Dataset records section start
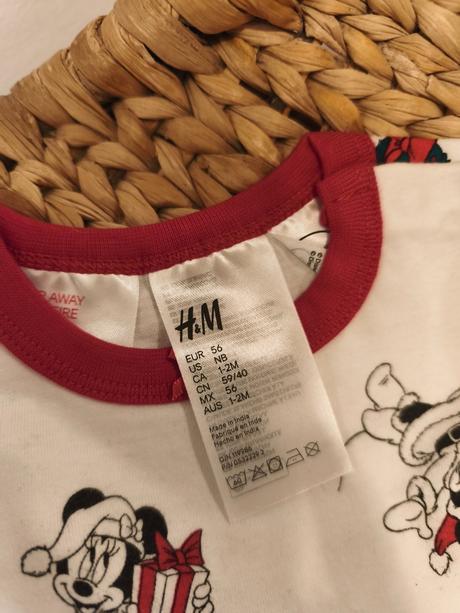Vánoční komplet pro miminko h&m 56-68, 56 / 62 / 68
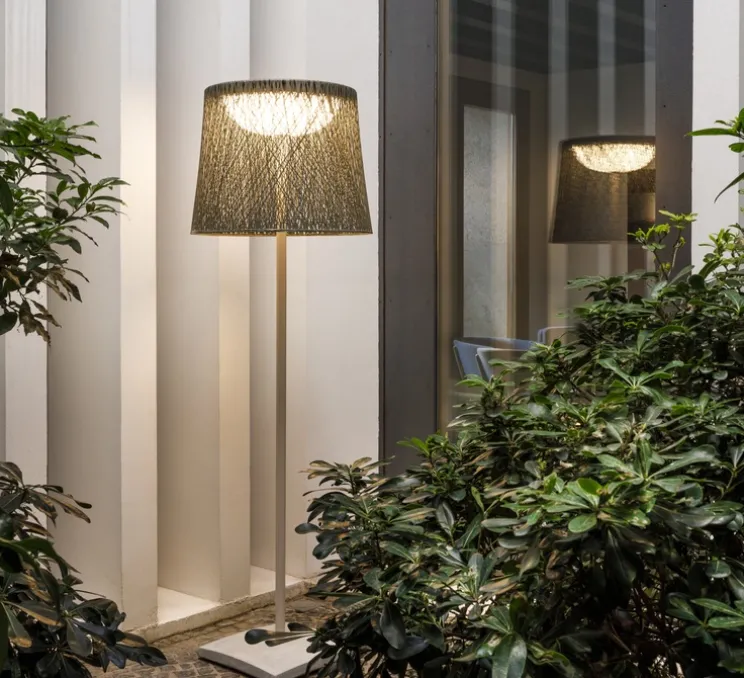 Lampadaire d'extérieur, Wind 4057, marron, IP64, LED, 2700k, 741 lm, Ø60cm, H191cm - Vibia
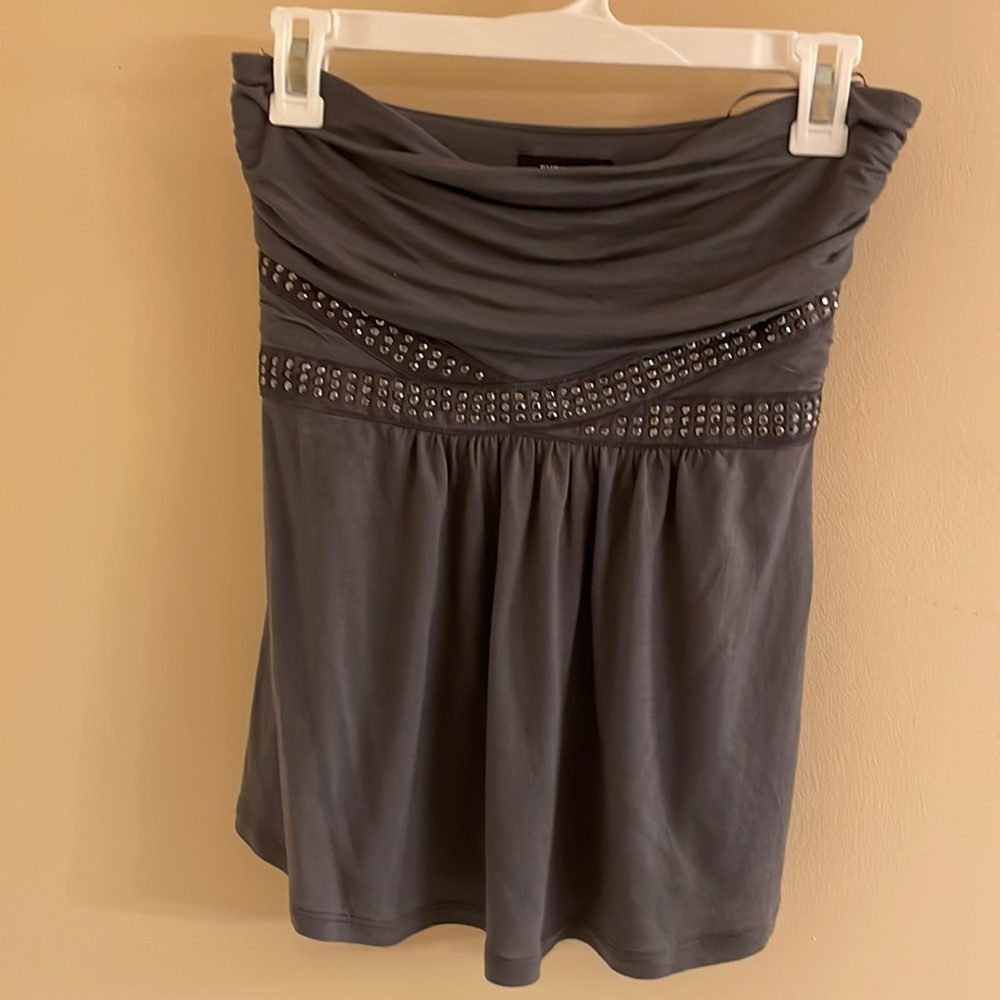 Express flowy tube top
Dataset records section end
Dataset records section start
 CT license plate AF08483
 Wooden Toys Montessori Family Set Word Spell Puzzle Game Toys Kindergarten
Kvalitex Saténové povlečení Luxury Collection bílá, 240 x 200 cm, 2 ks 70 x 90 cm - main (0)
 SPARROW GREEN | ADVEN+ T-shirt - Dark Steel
Dataset records section end
• **Action item**
Work from the entries above. Set down exactly and only the lines from the line with "Lampadaire d'extérieur, Wind" to the line with "Express flowy tube top", both included, and leave the pictures out.

• **Task answer**
 Lampadaire d'extérieur, Wind 4057, marron, IP64, LED, 2700k, 741 lm, Ø60cm, H191cm - Vibia
 Express flowy tube top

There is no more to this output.